With over 90% of our oil import bill at USD 150 billion last year India is as vulnerable to external economic conditions as a cat to cheddar cheese. A depreciating rupee can accentuate matters. There is no escaping that oil companies need to invest significantly in alternative fuels research, even as we conserve oil and restrict its unchecked appetite through enhanced prices. It will help if states and the central government work to improve public transport systems. It will drastically reduce two-wheeler travelers, road congestion, environmental damage and oil consumption.
The price of many other commodities rise exponentially higher, but we live in a world of high optics. In our oil dynamics, there will never be a sweetheart deal between the oil companies ( upstream or downstream) and the retail consumer. We have to be braced, seat-belts tight for a mid-course correction. There in no need to beat around the bush, we are in a doghouse if we perpetuate subsidies; it must dissipate though in gradual installments, and must be as painless as possible. Yet the writing is on the wall. It will be tough but it is time we took the bull by the horns.
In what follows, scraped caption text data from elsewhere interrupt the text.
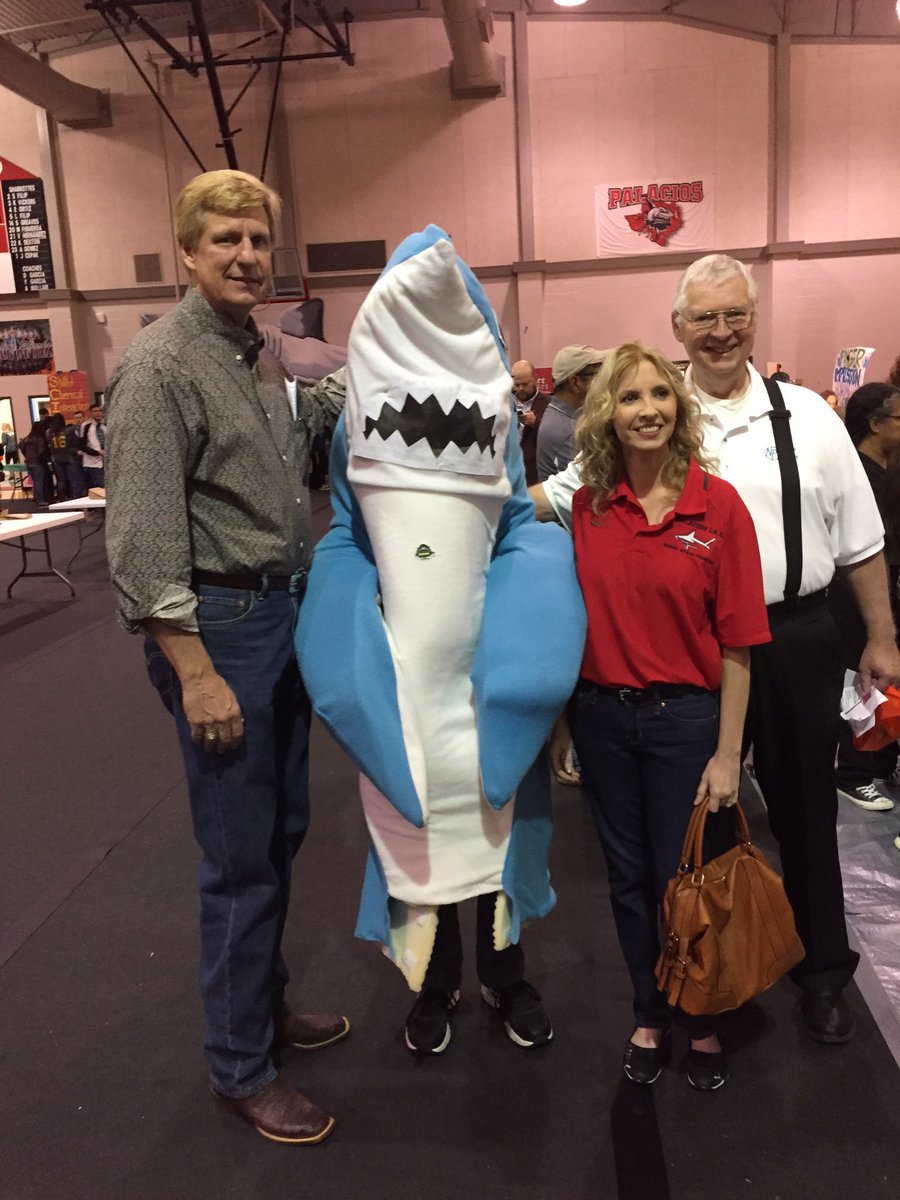 Left shark makes an appearance at SOS.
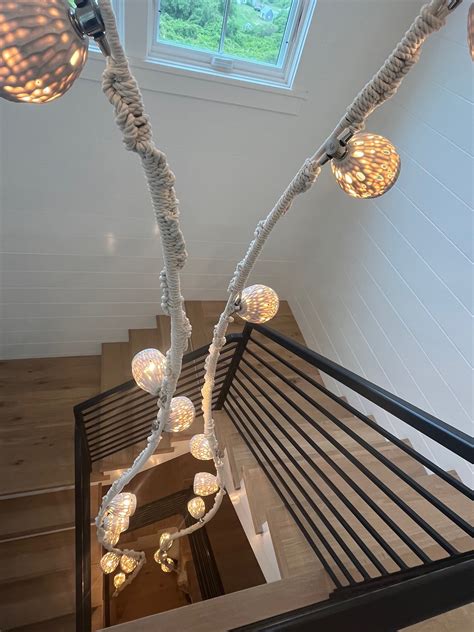 String Light Installation 的图像结果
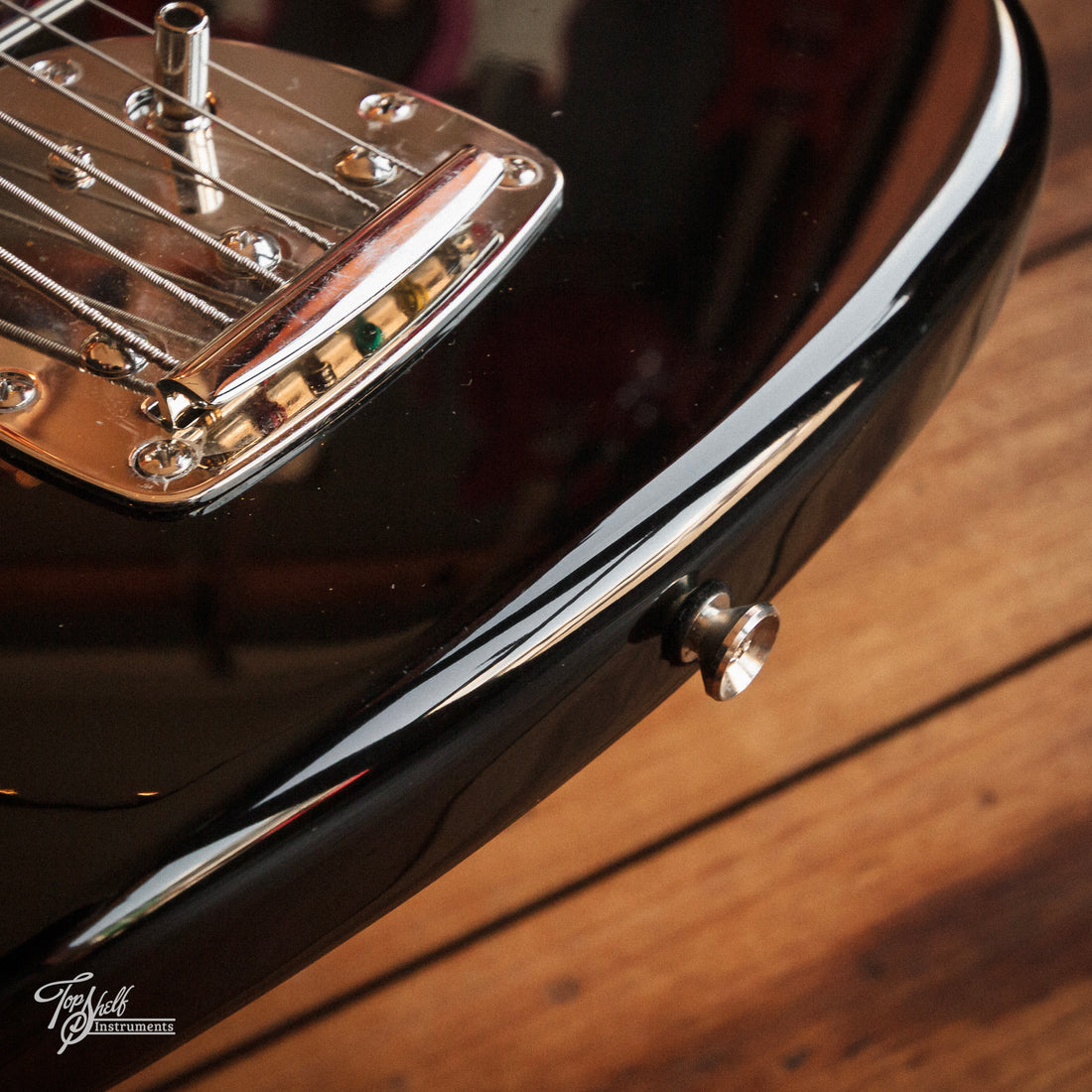 Squier Classic Vibe Bass VI Black 2024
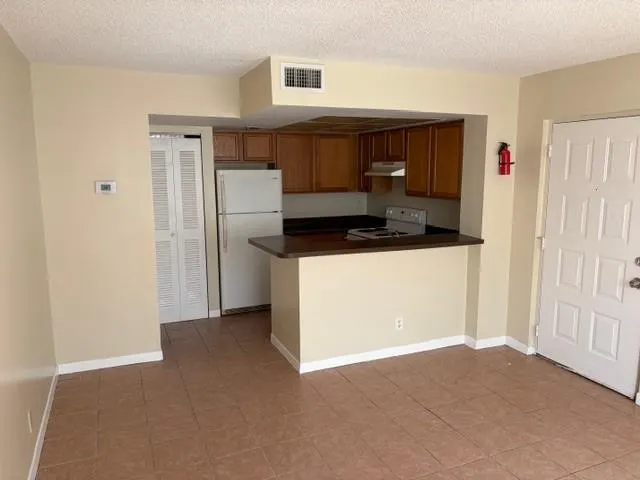 728 Executive Center Dr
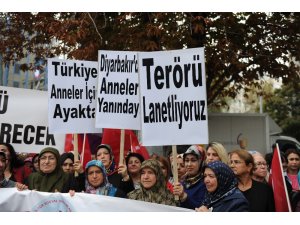STK kadın temsilcilerinden, Diyarbakır’daki annelere destek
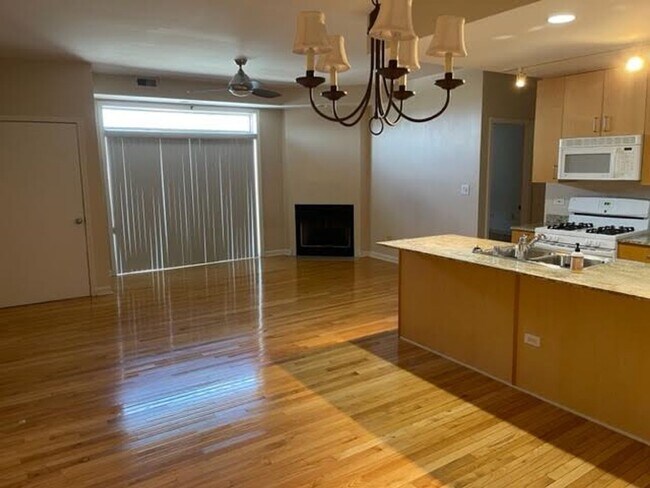 Foto del edificio - 1 Bed 1 Bathroom River West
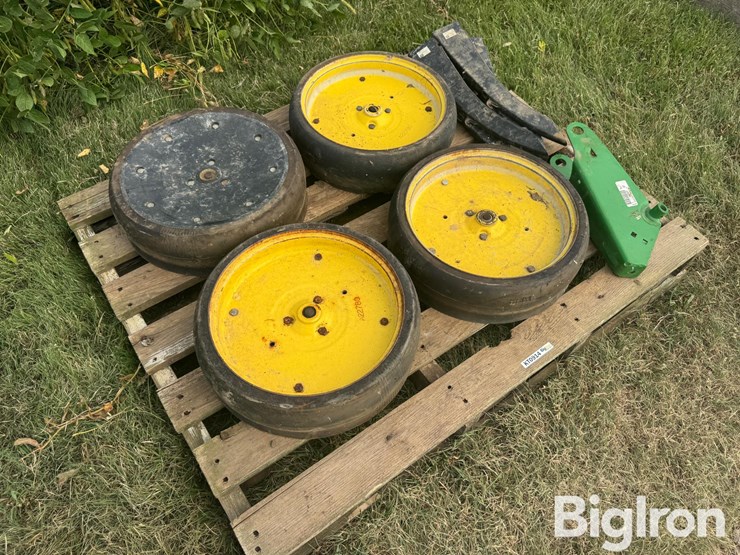 john-deere-1700-image-5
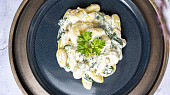 Gnocchi s kuřecím masem, špenátem a sýrovo-smetanovou omáčkou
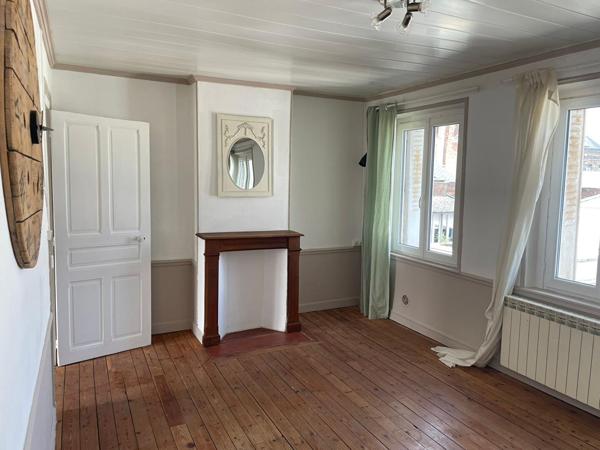 A LOUER APPARTEMENT  PROCHE CENTRE VILLE DE ST QUENTIN 02100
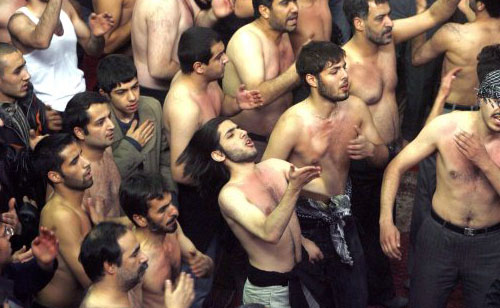 إيرانيّون يحيون مراسم عاشوراء في طهران أوّل من أمس (عابدين طاهر كناريه - إي بي أي)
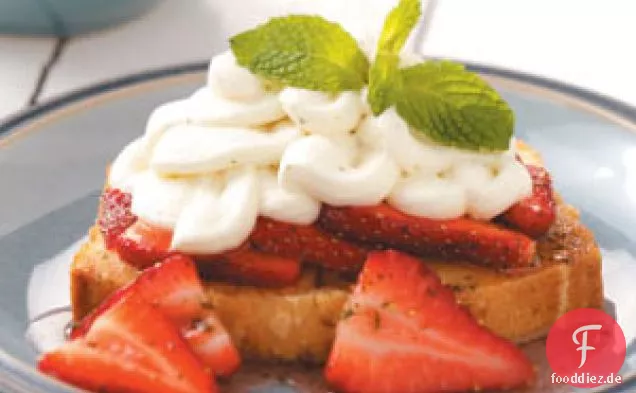 Zitronen-Minz-Rührkuchen mit Erdbeeren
The opposition , particularly the BJP, is accustomed to running with the hare and hunting with the hounds; a bundle of contradictions. So what would be their alternative game-plan or panacea for solving India’s economic challenges? NOTHING! The Bharat bandh is an extended performance of their classical political theatrics. We need to condemn such ludicrous waste of national energy ( pun intended). Ironically, to conserve energy India needs to burn the midnight oil.